役所広司(65)が21日、東京・府中の森芸術劇場どりーむホールで行われた、第13回TAMA映画賞で最優秀男優賞を受賞した。

役所は壇上で、パンフレットに今後、撮りたい役柄、ジャンルについて「爺さんのロードムービー」とつづったことについて聞かれ、若い頃に火野正平(72)と、年齢を重ねてから撮りたいと語り合った題材だと明かした。

役所は「すばらしき世界」(西川美和監督)「バイプレーヤーズ~もしも100人の名脇役が映画を作ったら~」(松居大悟監督)「竜とそばかすの姫」(細田守監督)の演技が評価されての受賞となった。各作品への感謝の言葉などを口にした後、司会から「爺さんのロードムービー」とパンフレットに書いたことについて聞かれると、笑みを浮かべて語り始めた。

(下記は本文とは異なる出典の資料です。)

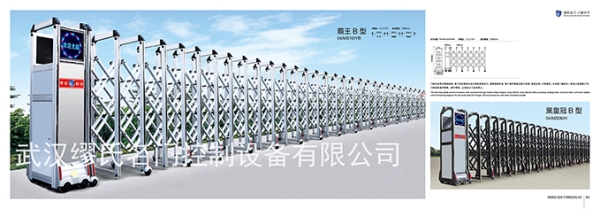 霸王B型電動(dòng)伸縮門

「もう、せっかく、じいさんになってきましたんで…。昔、まだ若い頃、火野正平さんと2人でお酒を飲みながら『70くらいになったらロードムービーで、耳の聞こえないおじいさんと目の見えないおじいさんが2人で小さなアパートに暮らすところに、何か怪しい大金が転がりこんで、日本中を旅をする映画をやろうよ』って言ってたんですけど」

役所の脳裏には、ロードムービーとして米国のデヴィッド・リンチ監督の99年「ストレイト・ストーリー」が深く刻み込まれているという。「ああいうのって、年を取っていないと出来ないし、年を取って、こういう仕事が出来るのは、うらやましいなと、ずっと思っていたので、いつかそういうのをやりたいと思っています」と語った。

火野は現在、NHK BSプレミアムで放送中の「にっぽん縦断こころ旅」で、視聴者が手紙で寄せた心に残る風景を目指し、自転車で日本全国を走る旅をしている。番組を始めて10年で1019日旅をして、1万6551キロを走破してきたという。11年目の秋となった9月には長野県を出発し、12月までに沖縄を目指す旅を展開中だ。そんな火野と役所が「爺さんのロードムービー」を作る日は訪れるのか…そんな日が来ることを望むように、役所は壇上で笑みを浮かべた。